No jogo do tudo ou nada para conquistar indecisos, talvez Ciro Gomes tenha conseguido subir no conceito de alguns. O candidato permaneceu calmo diante de ataques e sorriu o tempo todo, para mostrar que é um homem simpático, e não o bicho-papão que Serra pintou em seu horário eleitoral. Ciro, que critica os marqueteiros, parecia ontem obra de mais um deles, sereno como nunca se viu. Aproveitou ainda para garantir que os ataques feitos por Serra eram caluniosos e que mesmo assim nunca o atingiram na honra e na honestidade. Só no destempero mesmo.

Travou-se inclusive uma pequena guerra de egos. A paternidade de projetos como a política da Aids e dos medicamentos genéricos foi disputada por Serra e Lula. Ciro fez questão de lembrar sua biografia política, vangloriando-se de cada item. Garotinho, ao contrário, fazia cara de coitado e chamava a atenção para a falta de dinheiro de sua campanha humilde e pura, e aproveitou para atacar as alianças e acordos dos outros candidatos.

Entre atacantes e atacados, e cedidos todos os vários direitos de resposta, Bonner agradeceu o alto nível dos candidatos e, feliz da vida, ainda puxou uma brasa para a produção do debate, que garantiu o controle de todas as discussões e dos tempos das explanações.

Cadê elas?

Algumas ausências foram sentidas. Seria bom vermos entre os candidatos mais populares os outros dois, Zé Maria, do PSTU e Rui Costa Pimenta, do PCO. Tudo seria diferente e provavelmente mais divertido.

E por falar em como seria o debate em outras circunstâncias, imaginem se a candidatura de Roseana Sarney tivesse medrado. As mulheres seriam citadas em seu tom de populismo-feminismo, e qualquer ataque viraria subterfúgio para direito de resposta contra os machistas presentes. William Bonner, por exemplo, seria questionado sobre o porquê de ele, e não Fátima Bernardes, mediar o debate.

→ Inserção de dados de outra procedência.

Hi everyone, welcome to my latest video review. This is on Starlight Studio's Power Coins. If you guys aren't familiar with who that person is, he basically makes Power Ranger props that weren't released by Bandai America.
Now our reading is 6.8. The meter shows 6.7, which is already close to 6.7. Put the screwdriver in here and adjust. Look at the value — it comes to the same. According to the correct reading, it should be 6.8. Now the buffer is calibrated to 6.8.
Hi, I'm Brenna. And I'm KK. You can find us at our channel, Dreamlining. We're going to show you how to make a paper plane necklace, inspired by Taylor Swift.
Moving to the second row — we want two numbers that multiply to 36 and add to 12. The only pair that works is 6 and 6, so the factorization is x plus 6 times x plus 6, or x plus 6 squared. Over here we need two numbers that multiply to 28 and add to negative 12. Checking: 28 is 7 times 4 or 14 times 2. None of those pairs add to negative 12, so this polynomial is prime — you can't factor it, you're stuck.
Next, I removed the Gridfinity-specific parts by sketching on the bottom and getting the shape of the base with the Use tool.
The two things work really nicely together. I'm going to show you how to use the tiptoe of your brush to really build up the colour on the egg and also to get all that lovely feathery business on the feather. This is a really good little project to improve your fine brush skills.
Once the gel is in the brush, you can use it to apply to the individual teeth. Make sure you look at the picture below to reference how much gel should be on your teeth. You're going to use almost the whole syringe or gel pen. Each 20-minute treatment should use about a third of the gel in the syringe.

E se houvesse um debate entre as figuras femininas do horário eleitoral? Imaginem Patrícia Pillar, candidata a primeira-dama e apresentadora do miniprograma Meu Diário, no horário de Ciro, se defendendo de Valéria Monteiro, apresentadora de outro miniprograma, o de entrevistas Boa Tarde Brasil, e backing vocal animada do hit A mudança é azul, no programa da coligação Grande Aliança.

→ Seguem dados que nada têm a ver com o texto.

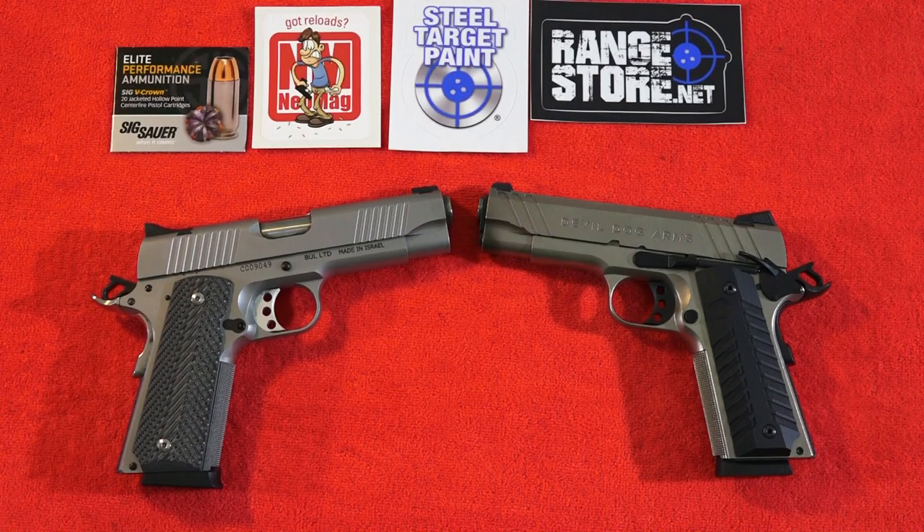Welcome back to the channel guys. I'm Brennan, Elameda USA here, and today we're going to be comparing two Commander-sized 1911s. This is the Devil Dog Arms 1911 versus the Magnum Research Desert Eagle 1911. Both of these 1911s are regular production type 1911 pistols.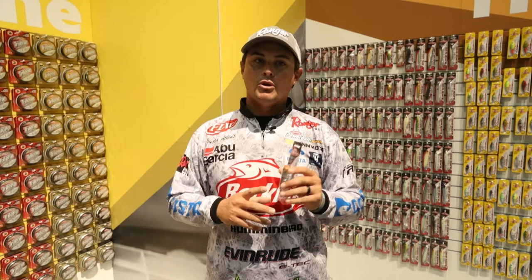I was able to get in on some of the testing of it, caught a lot of big fish. I'm really excited about this bait being out.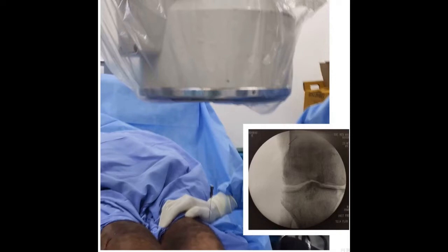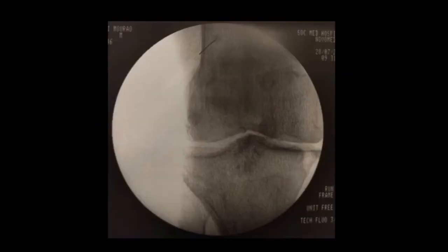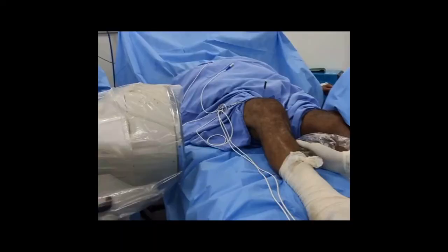The cannula is placed over the skin in line with the lateral cortex, at the transition from the diaphysis to the metaphysis of the distal femur, under fluoroscopic control in anteroposterior view. It is then introduced close to the periosteum, in a posterior direction for 2-3 cm.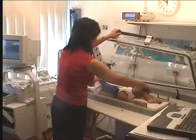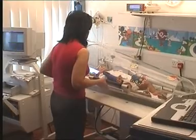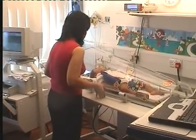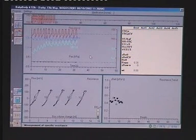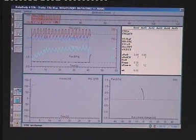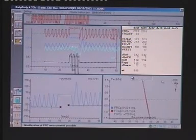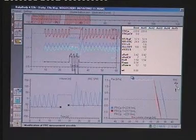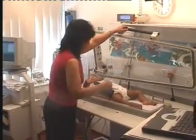Before closing the plethysmograph, ensure the infant's arms and legs are safely tucked out of the way, and that no bedding, tubing or wires get trapped beneath the seal. After closing, 2 to 3 minutes are required for thermal equilibrium to be achieved. Once the box signal has stabilized, measurements can proceed. Lung volume at functional residual capacity is measured by performing brief intermittent airway occlusions while the infant breathes quietly within the plethysmograph. These measurements usually take about 5 minutes, after which the box is opened so that forced expiratory manoeuvres can be performed.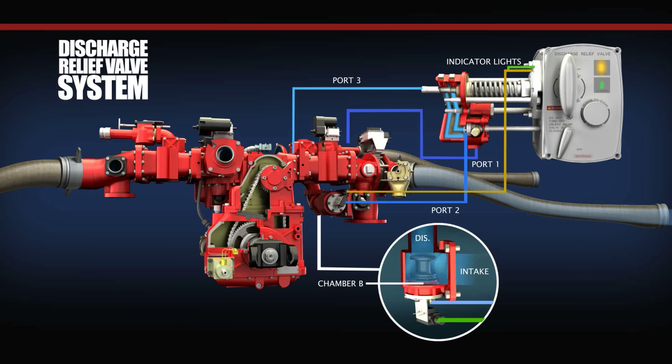When the pressure at the face of the pilot valve exceeds the compression load of the pilot valve spring, the pilot valve will only open far enough to allow the pressure to equalize. When this occurs, the main valve will only open far enough for the excess water to dump into the intake fitting. Once the discharge pressure drops below the compression load of the pilot valve spring, the pilot valve will reseat and stop the flow through port 3, allowing discharge pressure to build up in chamber B and reclose the main valve.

Seria divertido ainda ouvir as explicações de Elba Ramalho para o fato de aparecer no programa de dois candidatos diferentes. Questionada, iria se enrolar toda ao explicar como seu cabelo versão 1989 se transformou nos longos fios dourados que compõem o look operária na versão 2002.

Sei que não é bom brincar com coisa séria. Mas analisar o debate de uma campanha como a de 2002 de forma grave seria exigir demais dos (e)leitores, que já têm que ouvir propostas e mais propostas, acusações e brigas dos candidatos. Tudo bem, não precisam achar graça de nada. Afinal, como disse o cabo eleitoral Falcão, com esses candidatos por aí está cada vez mais difícil fazer humor no Brasil.